Bagikan:

JAKARTA - Menteri sayap kanan Israel mengatakan, keputusan pemerintah negara itu tidak mengurangi jemaah Muslim di Masjid Al-Aqsa selama Ramadan akan membahayakan warga Israel.

Menteri Keamanan Nasional Israel Itamar Ben-Gvir mengatakan, keputusan Pemerintahan Perdana Menteri Benjamin Netanyahu untuk tidak mengurangi jumlah jemaah Muslim yang diizinkan mengunjungi Masjid Al-Aqsa selama Ramadan, membahayakan warga Israel.

"Itu menunjukkan Perdana Menteri Netanyahu dan kabinet kecilnya berpikir, tidak terjadi apa-apa pada 10/7. Keputusan ini membahayakan warga Israel dan mungkin memberikan gambaran kemenangan bagi Hamas,” kata Ben Gvir dalam pernyataan yang dirilis kantornya, merujuk pada serangan kelompok Hamas, seperti dikutip dari CNN 6 Maret.

Ben Gvir, pemimpin partai Kekuatan Yahudi yang sangat nasionalis, sebelumnya telah menganjurkan untuk membatasi jumlah jamaah Muslim yang diizinkan mengunjungi kompleks tersebut selama Ramadan.

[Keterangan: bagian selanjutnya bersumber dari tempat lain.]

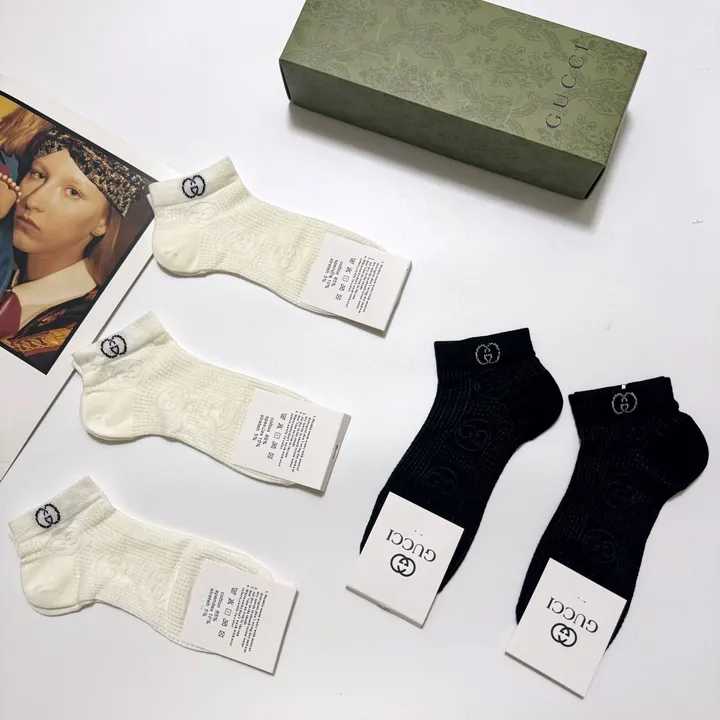 スーパーコピー グッチ 靴下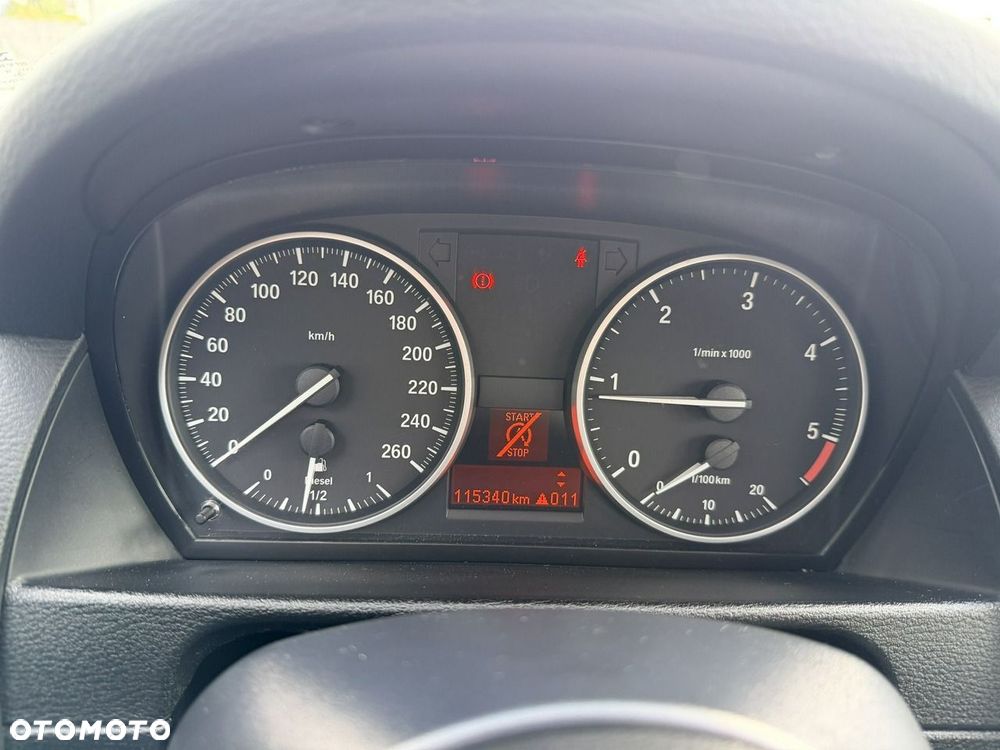 BMW X1 xDrive18d - 23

Sebelumnya, kantor PM Benjamin Netanyahu mengumumkan Hari Selasa, Israel tidak akan mengurangi jumlah jamaah yang diperbolehkan beribadah di Temple Mount pada minggu pertama Ramadan dibandingkan tahun-tahun sebelumnya.

Kantor perdana menteri mengatakan, "penilaian situasi seputar keamanan dan keselamatan" akan dilakukan setiap minggu dan "keputusan akan diambil berdasarkan hal tersebut," dikutip dari The Times of Israel.

"Ramadan adalah hari suci bagi umat Islam, dan kesucian hari raya tersebut akan dipertahankan tahun ini, seperti yang terjadi setiap tahun," janji kantor PM Netanyahu, menolak usulan Ben-Gvir.

PM Netanyahu mengatakan pada awal pertemuan keamanan mengenai persiapan Ramadan, pemerintah memprioritaskan kebebasan beribadah untuk semua agama. Keputusan soal jumlah tersebut diambil setelah pertemuan itu.

Mengutip Xinhua, Kompleks Masjid Al-Aqsa, yang dikenal oleh orang Yahudi sebagai Temple Mount, dianggap oleh umat Islam sebagai situs tersuci ketiga mereka. Situs ini diawasi oleh Wakaf Yordania tetapi terletak di Yerusalem Timur, wilayah yang dianeksasi oleh Israel setelah pertama kali direbut dalam perang Timur Tengah tahun 1967.